Can you say more about the plans for the Somali Museum and why it matters so much at this moment?

They say that when an old person dies, a library burns to the ground. We must archive the work that we have done for the past three decades, to ensure it is not lost – to give something to those who come after us. The Somali Museum will be a living museum, not one of objects. Somali people are one of the oldest Black communities in the UK, and yet we don’t have a single landmark or memorial, not a street name to acknowledge us. This is complete erasure. It is a denial of our human right to have our culture recognised and made accessible.

We don’t have to rely on others giving us permission. We can create our own space; we can be independent. At the same time, we can’t do by ourselves and we don’t want to! We need solidarity and support from the wider community to make it happen.

It takes huge energy to fight the different battles: within your own community that wants you to assimilate to a rigid view of what Somali culture is. Then you have a wider society that is blind by choice and treats us as one homogenous group. One of our other mottos at Numbi is Get Free! That’s what the museum stands for; it is an invitation to our Somali communities to come together, shape the future and preserve what is important to us: through this self-determination we’re trying to get free.

Our collaboration is about voice and agency. The series Postcards from the Diaspora has approached issues of cultural identity, decolonisation and gender from different angles. Can you talk a bit about what you wanted to achieve through this series?

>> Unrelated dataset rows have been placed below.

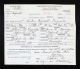 Birth Record- Newton Russell Reynolds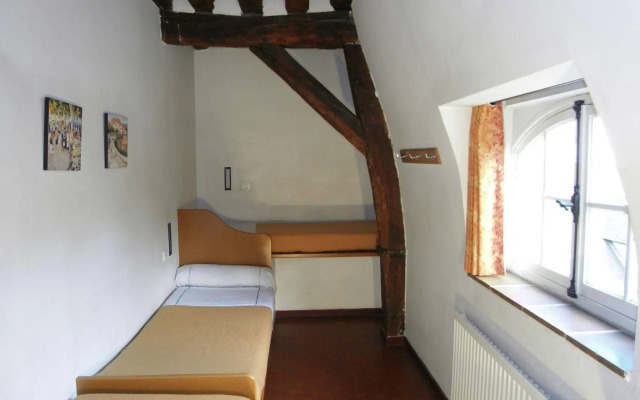 MIJE Marais - Hostel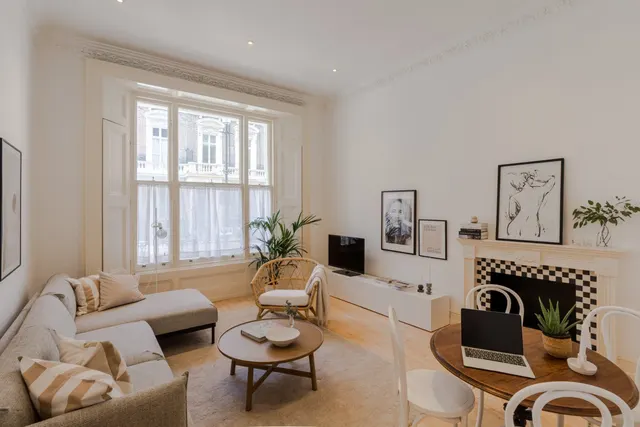 Clanricarde Gardens, Notting Hill, W2, photo 1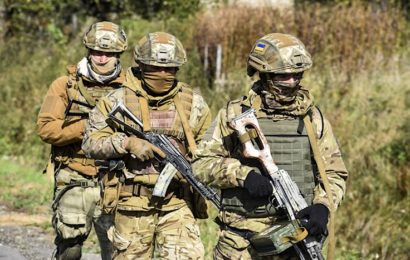 La RPD alerte sur les préparatifs de l’armée ukrainienne pour des actes de sabotage et la reprise du conflit dans le Donbass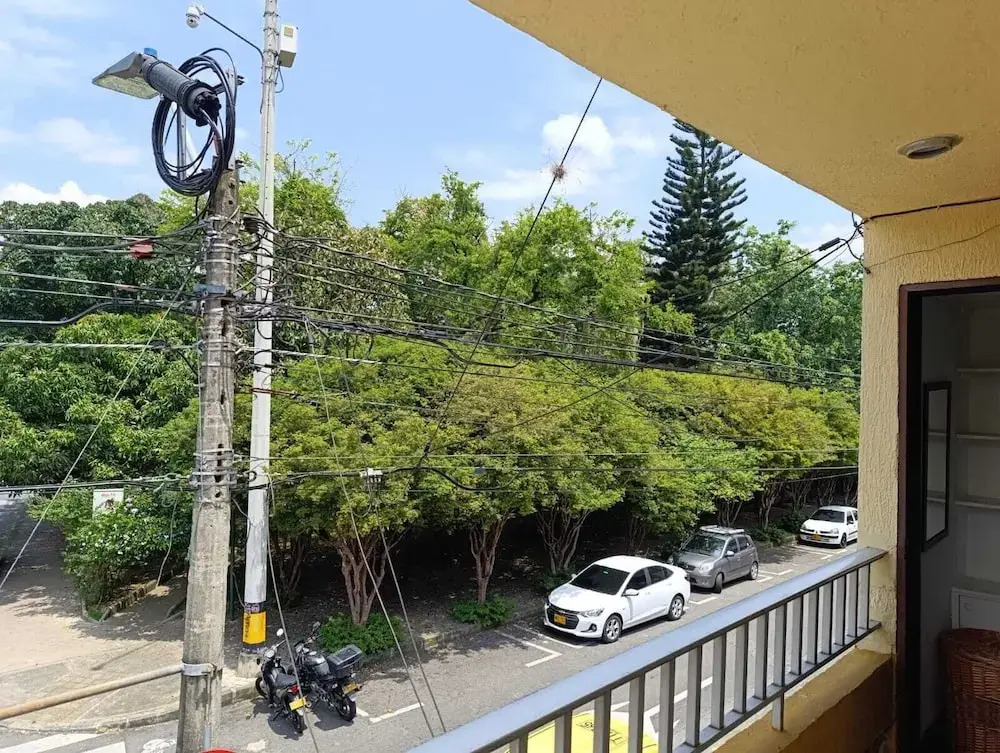 Hospedajes el Jardin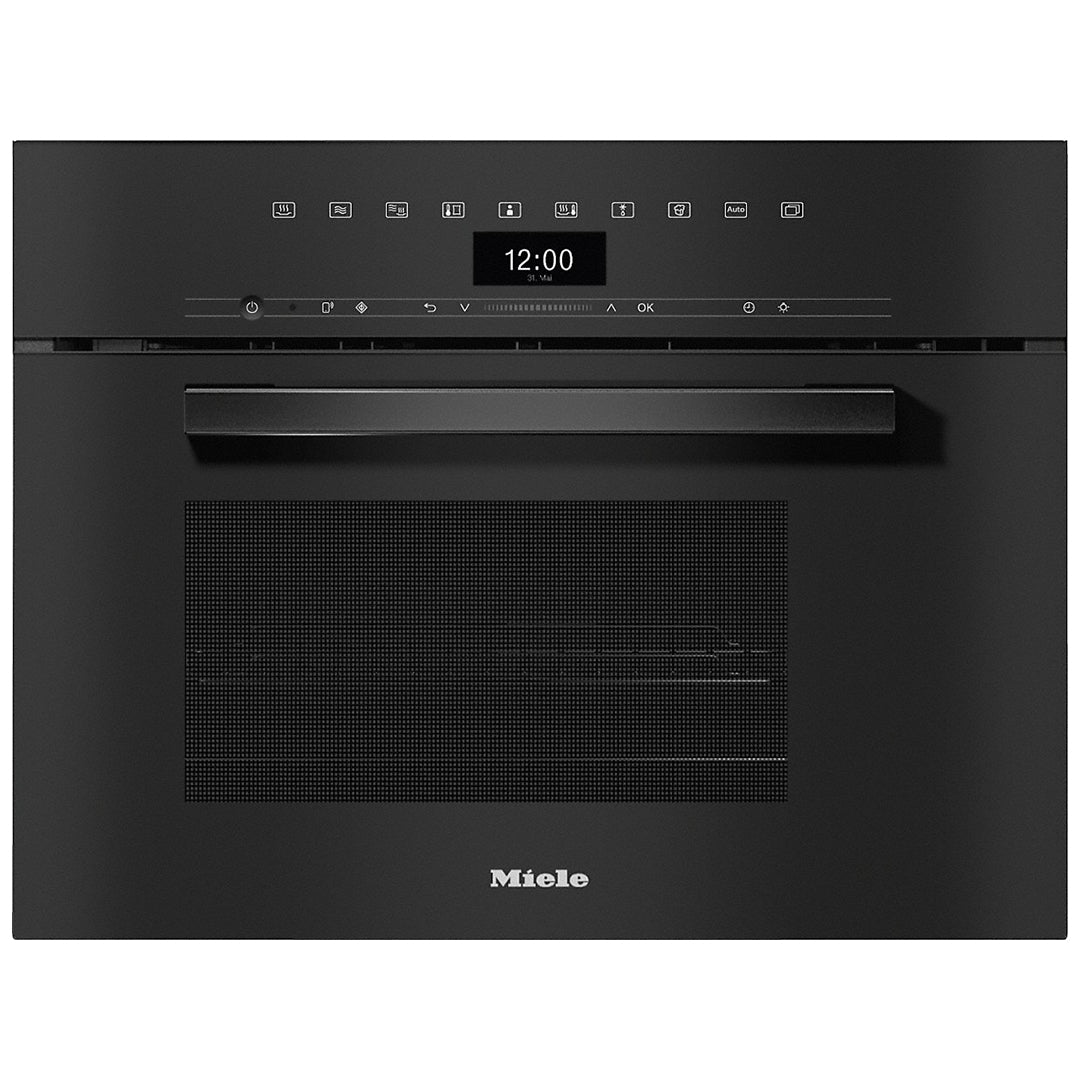 Miele Steam Oven with Microwave DGM 7440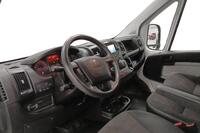 Peugeot Boxer vaihtoauto
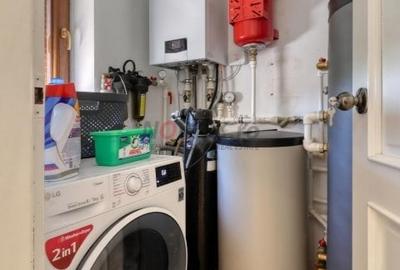 Refugiul perfect langa Bucuresti - vila premium in Saftica - 26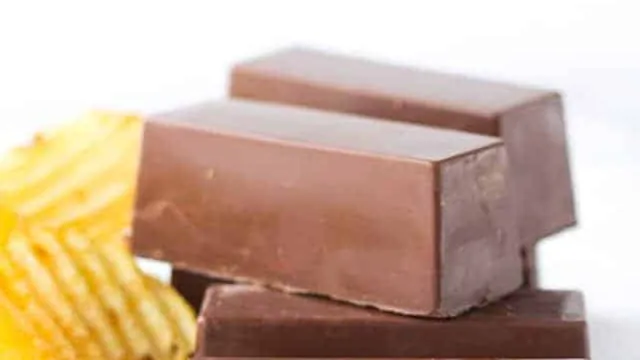 22 Easy Chocolate Candy Recipes (that everyone will love)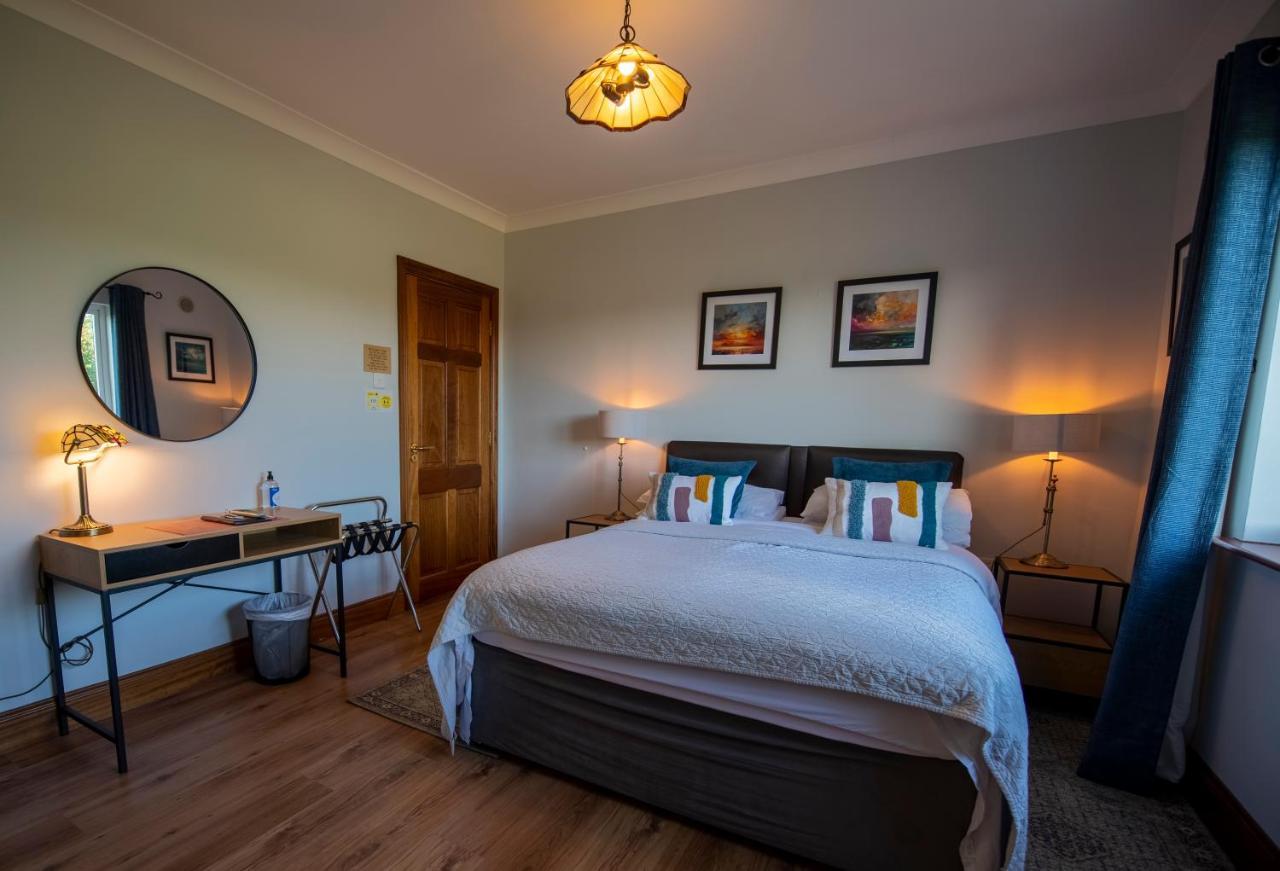Bunratty Meadows Bed & Breakfast Exterior foto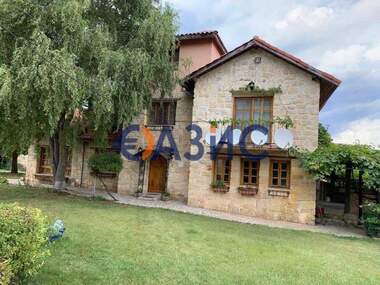 For sale - House in Priseltsi,  Burgas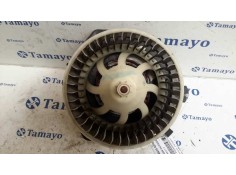 Recambio de ventilador calefaccion para iveco 35s12 2.3 referencia OEM IAM 658561J 5706301A0 500326592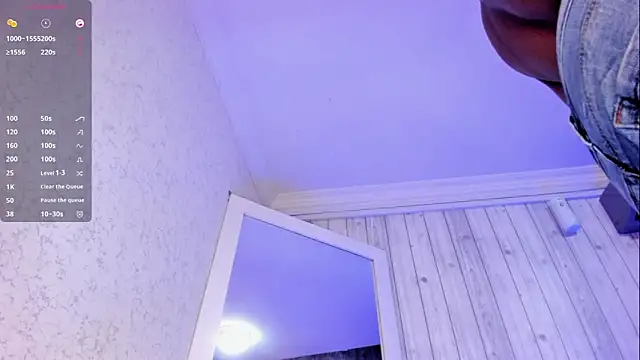 DominicSccott online show from 21, 12, 2025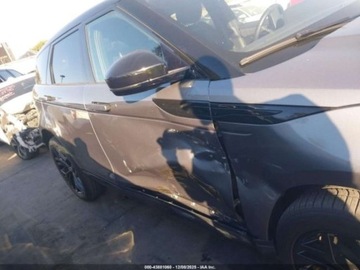 Land Rover Range Rover Evoque II 2023 Land Rover Range Rover Evoque EVOQUE SE, 4x4, od ubezpieczalni 2.0 Benzyna, zdjęcie 4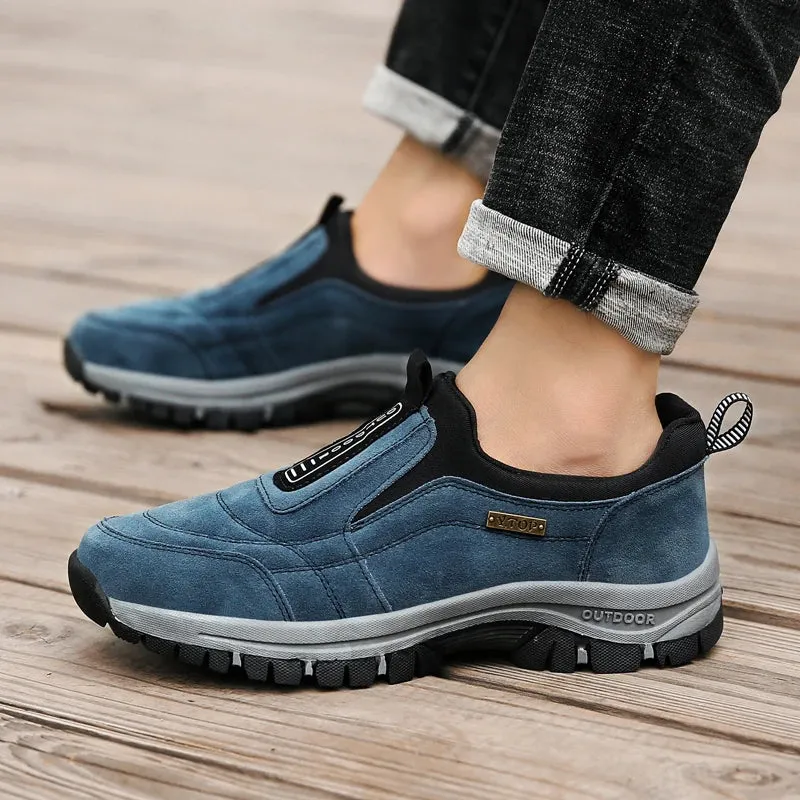MARTIN™ - ORTHOPEDIC WALKING BOOTS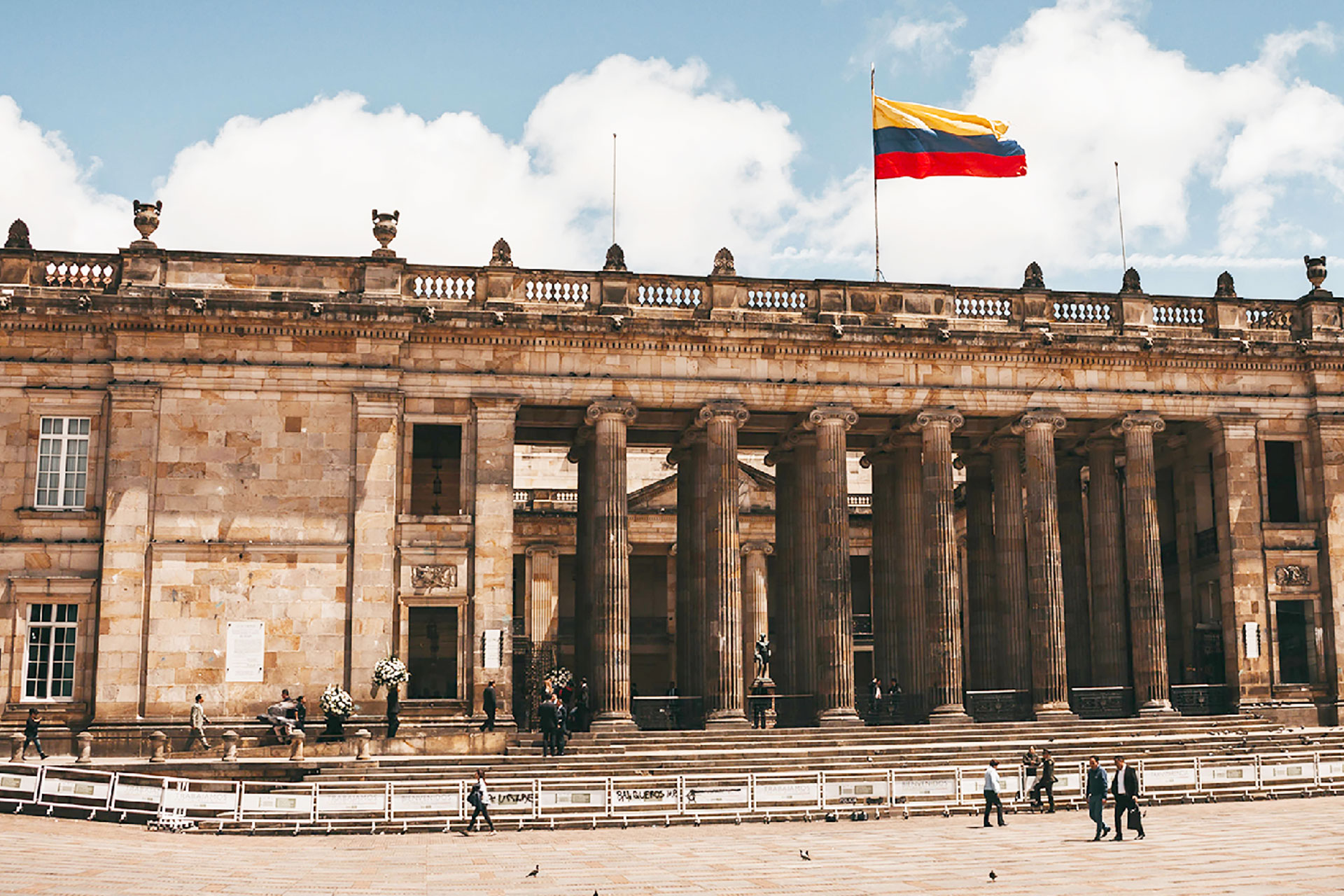 Especialización en Derecho Administrativo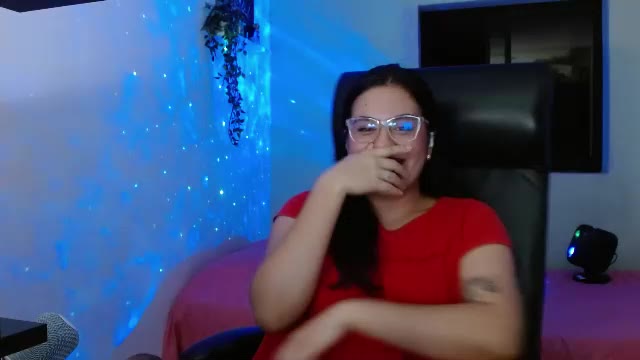 noirmiss na Chaturbate: fotky a profil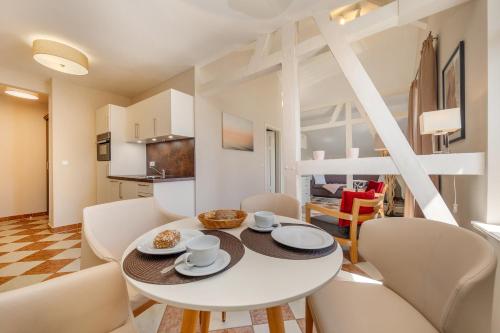 Facilities, Villa Quisisana in Ostseebad Binz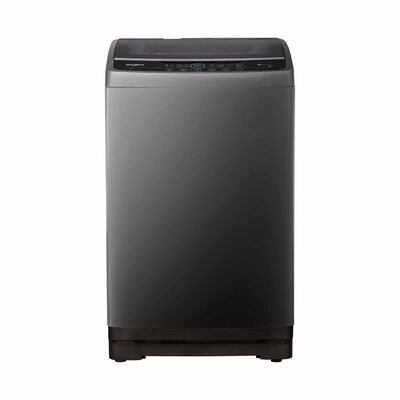 WHIRLPOOL Top Load Washer (11kg) VWVD11022GG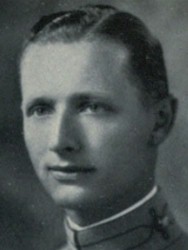Cornelius Lichirie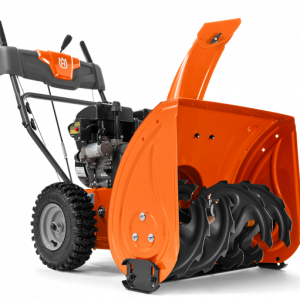 Husqvarna ST124 (24″) 212cc Two-Stage Snow Blower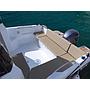 Book yachts online - motorboat - Merry Fisher 695 - DiV - rent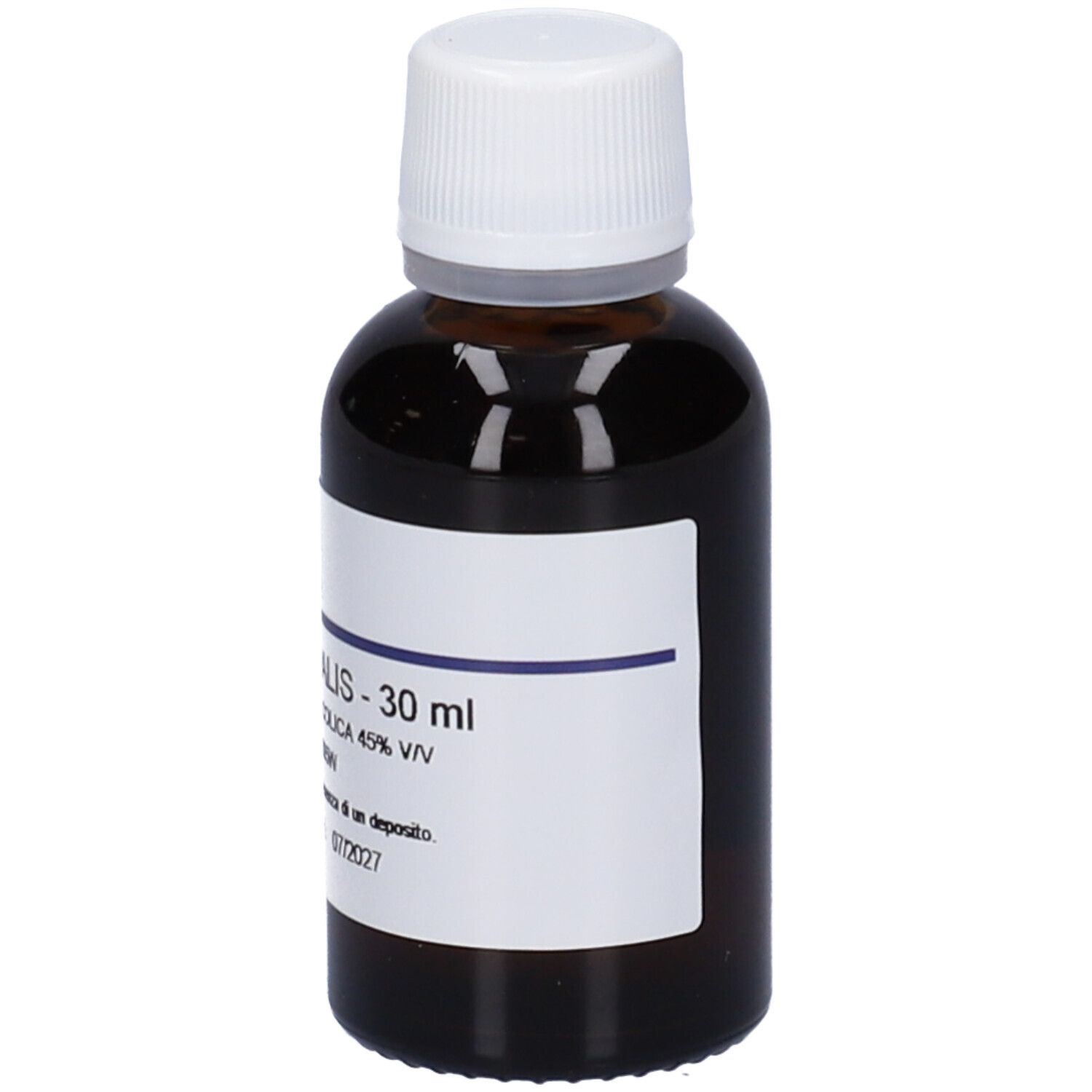HERING Salvia Officinalis Tintura Madre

Whitechapel is the flagship gallery of the East End; it means a lot to me and I am always happy to spend time there. But many of our young people were born and raised minutes from the Gallery and never been inside; they feel a genuine anxiety around accessing a place that they grew up next door to. I want them to feel as comfortable with the Gallery as they do with the Tower Hamlets Local History Library and the Brady Arts Centre.

It is important to redress the imbalance that exists between institutions and community organisations. We want to see bigger institutions commission and collect work from the Somali community, we want to have access to resources, and for partnerships to make our work easier and more effective.

Good solidarity will champion our authentic voice and support the work that we are doing, not duplicate it. That’s what a meaningful collaboration looks like, because we need institutional support, but we need it to come with a genuine understanding of the work we do and the people we do it with. Postcards from the Diaspora takes conversations that are being held in closed spaces and workshops, and presents them as complete ideas for a wider audience. It’s great for our young people to have agency in how this is facilitated and delivered.